EXERCISE DIRECTIONS ::
The entries below contain a line with "Geely Emgrand — Фото автомобиля 4" and a line with "Olympic Medal for". Quote exactly those two lines and all lines between them.

[Opening EXERCISE INPUTS section]

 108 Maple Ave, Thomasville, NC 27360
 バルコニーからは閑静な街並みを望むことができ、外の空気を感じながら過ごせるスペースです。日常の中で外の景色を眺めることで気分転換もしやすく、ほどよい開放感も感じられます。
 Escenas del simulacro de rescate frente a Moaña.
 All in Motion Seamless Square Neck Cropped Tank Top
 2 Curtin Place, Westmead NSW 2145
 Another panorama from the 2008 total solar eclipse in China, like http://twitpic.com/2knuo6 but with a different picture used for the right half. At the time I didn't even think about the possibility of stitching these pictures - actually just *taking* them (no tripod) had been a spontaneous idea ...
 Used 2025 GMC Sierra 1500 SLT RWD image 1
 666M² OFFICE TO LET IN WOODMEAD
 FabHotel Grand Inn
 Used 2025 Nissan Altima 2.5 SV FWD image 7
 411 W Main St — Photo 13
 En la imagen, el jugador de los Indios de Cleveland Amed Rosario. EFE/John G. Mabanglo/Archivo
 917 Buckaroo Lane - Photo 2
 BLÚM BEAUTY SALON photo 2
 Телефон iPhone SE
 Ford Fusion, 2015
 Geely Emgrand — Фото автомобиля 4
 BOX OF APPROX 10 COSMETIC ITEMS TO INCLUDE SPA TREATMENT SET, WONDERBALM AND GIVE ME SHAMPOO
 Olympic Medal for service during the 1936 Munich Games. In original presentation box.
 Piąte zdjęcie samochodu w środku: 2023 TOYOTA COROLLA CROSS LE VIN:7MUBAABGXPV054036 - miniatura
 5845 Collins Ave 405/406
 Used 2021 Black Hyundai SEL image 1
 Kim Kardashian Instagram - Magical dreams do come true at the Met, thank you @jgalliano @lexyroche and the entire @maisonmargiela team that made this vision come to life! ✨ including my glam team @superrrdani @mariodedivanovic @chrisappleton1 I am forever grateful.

[Closing EXERCISE INPUTS section]

ANSWER SPACE ::
 Geely Emgrand — Фото автомобиля 4
 BOX OF APPROX 10 COSMETIC ITEMS TO INCLUDE SPA TREATMENT SET, WONDERBALM AND GIVE ME SHAMPOO
 Olympic Medal for service during the 1936 Munich Games. In original presentation box.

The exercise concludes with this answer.